The Sun Sentinel reported that only one charge of $10,000 was authorized by her father on the business credit card in his name, but none of the others nor the debits from the checking account were approved, according to the police report.
Total expenses for the wedding were $49,286.24, and police say Darville paid off $17,161.49 of the balances using the pawn shop's checking account.
Darville told police that she had reimbursed the business for the amount paid (except for $3,000) from the checking account with personal cash that she mingled into the store's daily cash flow and from voluntary garnishment of her paychecks, but said she had no records to prove this. Police said she is responsible for calculating her own hours worked.

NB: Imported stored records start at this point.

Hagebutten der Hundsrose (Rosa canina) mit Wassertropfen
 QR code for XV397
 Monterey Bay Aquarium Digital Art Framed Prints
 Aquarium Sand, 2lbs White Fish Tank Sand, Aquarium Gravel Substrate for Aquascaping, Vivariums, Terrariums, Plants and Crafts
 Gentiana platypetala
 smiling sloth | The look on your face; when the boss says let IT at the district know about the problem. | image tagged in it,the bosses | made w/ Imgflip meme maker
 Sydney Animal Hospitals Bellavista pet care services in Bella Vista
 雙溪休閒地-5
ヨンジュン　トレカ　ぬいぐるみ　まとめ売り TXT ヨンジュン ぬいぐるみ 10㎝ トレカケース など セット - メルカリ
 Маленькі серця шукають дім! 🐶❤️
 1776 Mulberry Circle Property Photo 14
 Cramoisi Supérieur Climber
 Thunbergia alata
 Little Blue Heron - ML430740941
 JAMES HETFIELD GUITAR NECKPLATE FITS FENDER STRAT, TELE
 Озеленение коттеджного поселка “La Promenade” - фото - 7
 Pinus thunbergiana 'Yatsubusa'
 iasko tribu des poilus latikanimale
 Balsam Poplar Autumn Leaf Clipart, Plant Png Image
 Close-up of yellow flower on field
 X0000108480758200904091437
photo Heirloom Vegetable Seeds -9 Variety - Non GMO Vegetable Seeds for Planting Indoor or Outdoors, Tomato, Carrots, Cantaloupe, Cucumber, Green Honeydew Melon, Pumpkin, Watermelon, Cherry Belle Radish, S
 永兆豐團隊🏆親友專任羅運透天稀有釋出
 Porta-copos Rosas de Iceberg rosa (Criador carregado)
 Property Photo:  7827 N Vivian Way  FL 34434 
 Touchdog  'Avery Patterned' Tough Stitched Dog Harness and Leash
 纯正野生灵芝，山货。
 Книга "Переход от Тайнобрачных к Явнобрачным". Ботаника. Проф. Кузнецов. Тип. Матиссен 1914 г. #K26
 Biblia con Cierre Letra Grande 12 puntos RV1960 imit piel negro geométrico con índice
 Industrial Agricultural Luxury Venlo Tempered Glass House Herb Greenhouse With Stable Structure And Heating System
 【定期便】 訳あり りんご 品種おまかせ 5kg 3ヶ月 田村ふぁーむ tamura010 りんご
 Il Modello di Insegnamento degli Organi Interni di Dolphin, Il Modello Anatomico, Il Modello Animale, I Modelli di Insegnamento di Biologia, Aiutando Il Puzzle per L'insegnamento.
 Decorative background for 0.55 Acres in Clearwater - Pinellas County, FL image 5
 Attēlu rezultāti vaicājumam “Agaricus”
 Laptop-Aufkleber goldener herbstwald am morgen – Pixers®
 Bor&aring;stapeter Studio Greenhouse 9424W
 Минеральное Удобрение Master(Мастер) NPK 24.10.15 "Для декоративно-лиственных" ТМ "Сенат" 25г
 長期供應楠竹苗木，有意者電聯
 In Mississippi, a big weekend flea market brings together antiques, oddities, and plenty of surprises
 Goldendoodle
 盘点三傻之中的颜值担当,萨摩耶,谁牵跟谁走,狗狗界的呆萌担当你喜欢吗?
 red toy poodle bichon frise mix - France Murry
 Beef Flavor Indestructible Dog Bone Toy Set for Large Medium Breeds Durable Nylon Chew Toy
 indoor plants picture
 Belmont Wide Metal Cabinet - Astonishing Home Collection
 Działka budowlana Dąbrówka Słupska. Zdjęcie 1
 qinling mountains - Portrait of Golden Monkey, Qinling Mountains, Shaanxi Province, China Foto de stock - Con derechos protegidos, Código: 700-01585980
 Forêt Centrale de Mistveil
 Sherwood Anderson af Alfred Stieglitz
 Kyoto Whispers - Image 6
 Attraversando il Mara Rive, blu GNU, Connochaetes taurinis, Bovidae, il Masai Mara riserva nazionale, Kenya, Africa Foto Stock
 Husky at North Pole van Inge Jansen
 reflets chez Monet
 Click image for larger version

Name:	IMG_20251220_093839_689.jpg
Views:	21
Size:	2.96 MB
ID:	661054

The lavish June 1 wedding lasted 12 hours at Seminole Hard Rock Casino in Hollywood. The newspaper reported that it featured makeup and hair services, party rentals, lavish floral displays, an event planner, a ceremony in the casino's grand ballroom, a professional photographer who took nearly 1,000 images, and a reception and dinner that ended at midnight.
Jupiter wedding photographer Sara Kauss told the Sun Sentinel that she's not sure how the illicit charges will affect her business. She's turned over paperwork for the wedding contract and the charges for her services, totalling several thousand dollars, to detectives.
"This is just an awful thing for someone to do," Kauss told the newspaper in an email. "I can't imagine if a trusted business manager stole that amazing amount from me."
According to the Sun-Sentinel, detectives interviewed Darville at police headquarters on Monday, where she admitted to the fraud, saying that she intended to repay the full amount. She was booked into jail after the interview.